## Records for this exercise:
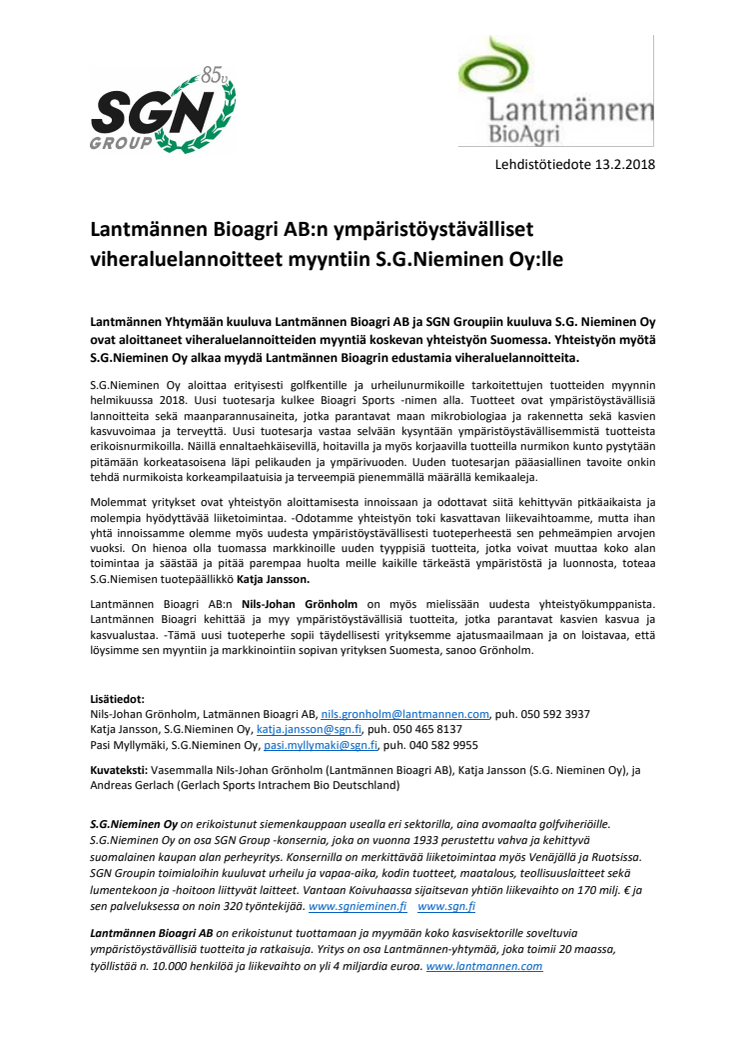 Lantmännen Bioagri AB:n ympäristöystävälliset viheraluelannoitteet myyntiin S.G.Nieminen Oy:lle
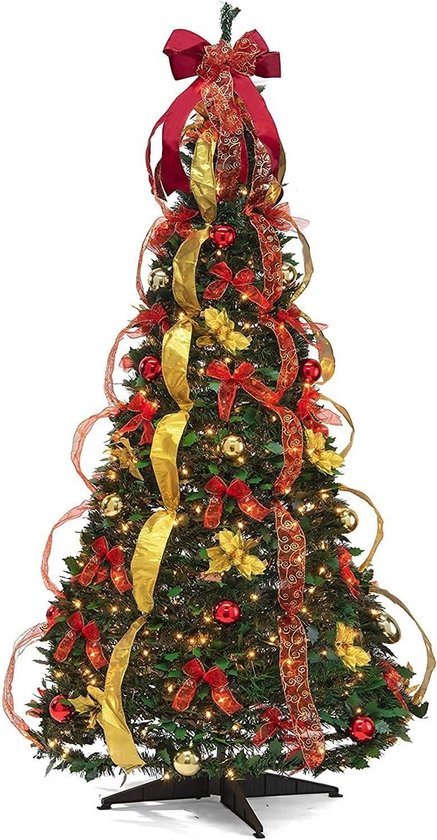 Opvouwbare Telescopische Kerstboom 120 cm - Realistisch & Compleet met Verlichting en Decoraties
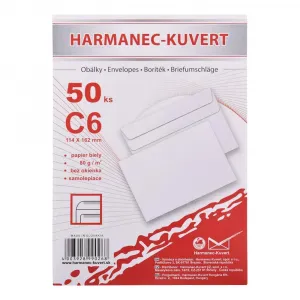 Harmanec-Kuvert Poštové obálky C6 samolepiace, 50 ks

* * *

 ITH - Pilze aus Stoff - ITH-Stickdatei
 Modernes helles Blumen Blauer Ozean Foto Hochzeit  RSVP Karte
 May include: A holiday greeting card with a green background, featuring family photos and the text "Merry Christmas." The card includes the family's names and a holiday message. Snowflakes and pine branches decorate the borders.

## Your assignment:
Take the entries above and copy exactly the lines starting at the one with "Lantmännen Bioagri AB:n" and ending at the one with "Harmanec-Kuvert Poštové obálky"; nothing outside that span, and no pictures.

## Answer to the problem:
 Lantmännen Bioagri AB:n ympäristöystävälliset viheraluelannoitteet myyntiin S.G.Nieminen Oy:lle
 Opvouwbare Telescopische Kerstboom 120 cm - Realistisch & Compleet met Verlichting en Decoraties
 Harmanec-Kuvert Poštové obálky C6 samolepiace, 50 ks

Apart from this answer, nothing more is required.